Audit BPK menemukan kelebihan bayar cost recover sebesar Rp 3,9 triliun terhadap beberapa Kontraktor Kontrak Kerja Sama Migas (KKKS). KPK diminta bergerak, menindaklanjuti temuan ini.
"KPK jangan cuma jadi selebritis nangkapin suap ratusan juta tapi membiarkan raksasa korupsi tanpa tindak lanjut," ujar ‎Direktur Energy Watch Indonesia Ferdinand Hutahaean kepada redaksi, Kamis (14/4).
Menurut Ferdinand, temuan BPK ini bukanlah perkara biasa dan harus ditindaklanjuti. Mark up klaim cost recovery terbesar ditemukan pada Conoco Phillips & ConocoPhillips (Grissik) Ltd dengan nilai 161,94 juta dolar AS, Total E&P Indonesie dan Inpex Corporation sebesar 67,87 juta dolar AS, serta PT Pertamina EP dan Chevron Pacific Indonesia masing-masing 26,50 juta dolar AS, dan 23,64 juta dolar AS.
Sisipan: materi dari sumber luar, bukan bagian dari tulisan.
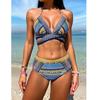 [Europese en Amerikaanse Retro Vakantie Zwempak Dames] Patroon Gesplitste Bikini Lange Blouse Drie Delig Zwempak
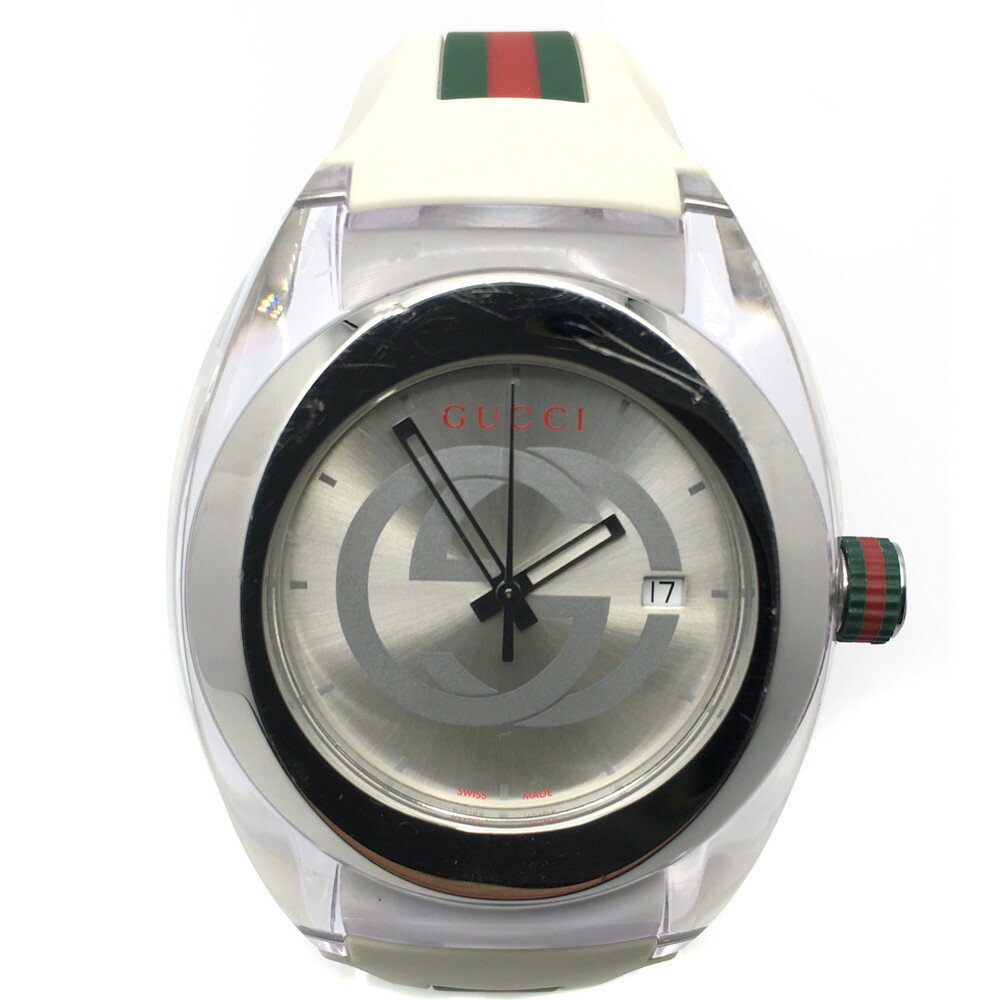 【中古】GUCCI（グッチ）YA137102A 137.1 SYNC シンク ラバーストラップ クオーツ スポーティー 腕時計 デイト【USED-B】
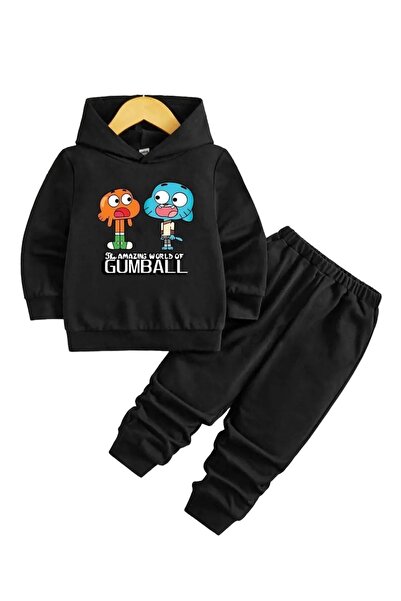 PAWWY Σετ παιδική αθλητική φόρμα με μαύρη στάμπα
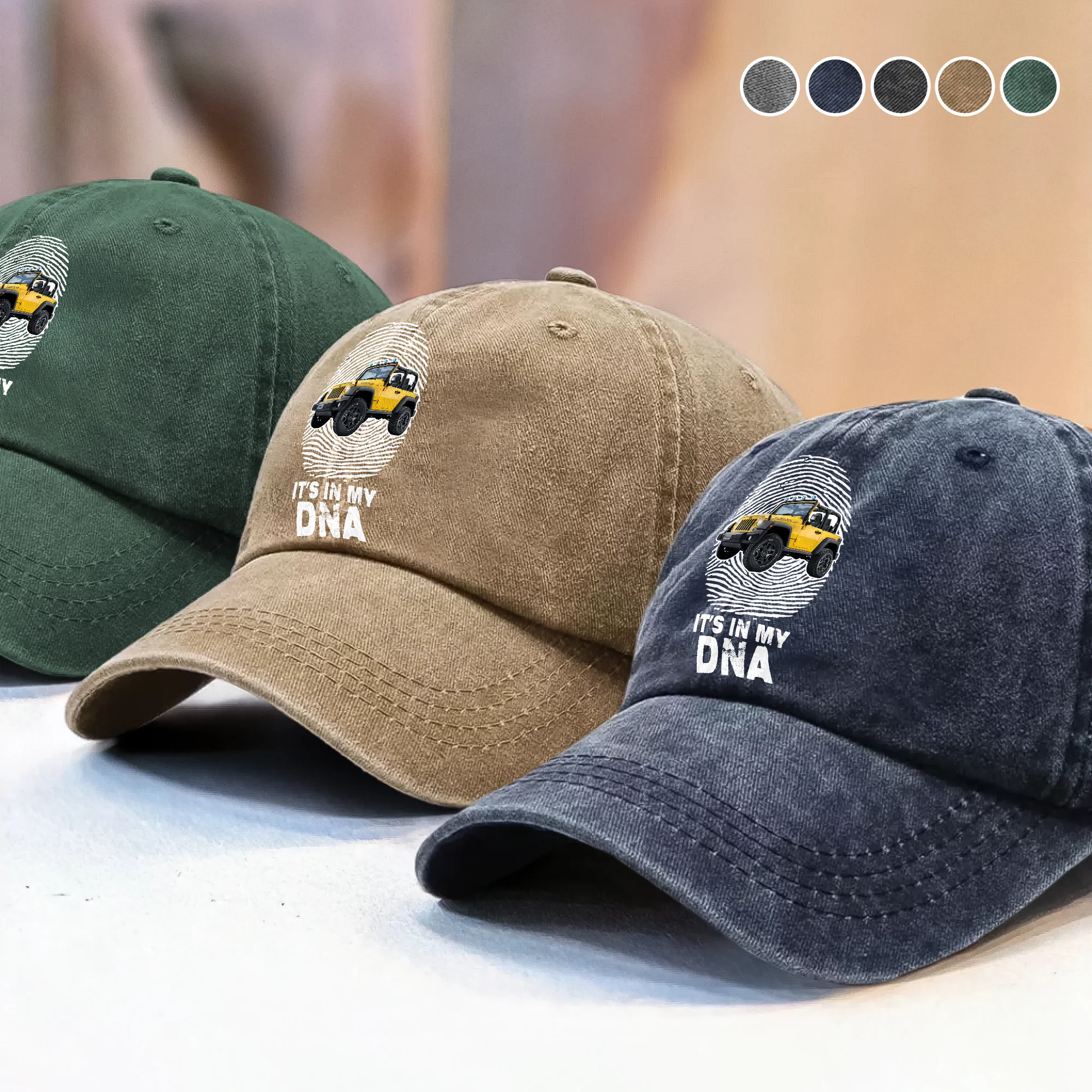 Custom Photo Car Is My DNA Washed Denim Baseball Cap CH07 896568 - Image 5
"Temuan BPK ini temuan serius dengan jumlah (kerugian negara) sangat fantastis. Karena itulah, kami mendesak KPK segera menindaklanjuti temuan BPK. KPK, tunjukkan nyalimu kepada bangsa!" desak Ferdinand.
Dalam hitungan Ferdinand, penggelembungan nilai klaim cost recovery yang ditagihkan KKKS kepada negara sudah berlangsung puluhan tahun. Dia membayangkan jika BPK melakukan audit menyeluruh terhadap pembayaran cost recover minimal 10 tahun terakhir, maka ada ratusan trilliun uang negara yang telah diambil secara tidak sah oleh KKKS dalam bentuk cost recovery.
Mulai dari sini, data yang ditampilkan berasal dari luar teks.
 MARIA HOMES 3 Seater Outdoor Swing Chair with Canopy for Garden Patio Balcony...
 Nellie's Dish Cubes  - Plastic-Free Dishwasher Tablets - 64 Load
Ferdinand mengatakan pihaknya sudah berulang kali mendesak pemerintah untuk membongkar pembayaran cost recovery. Berdasarkan penelitiannya ada banyak permainan dalam cost recovery.
"Kami menduga sekitar 3 miliar sampai 5 miliar dolar AS setiap tahun cost recovery yang dibayarkan patut dipertanyakan," katanya.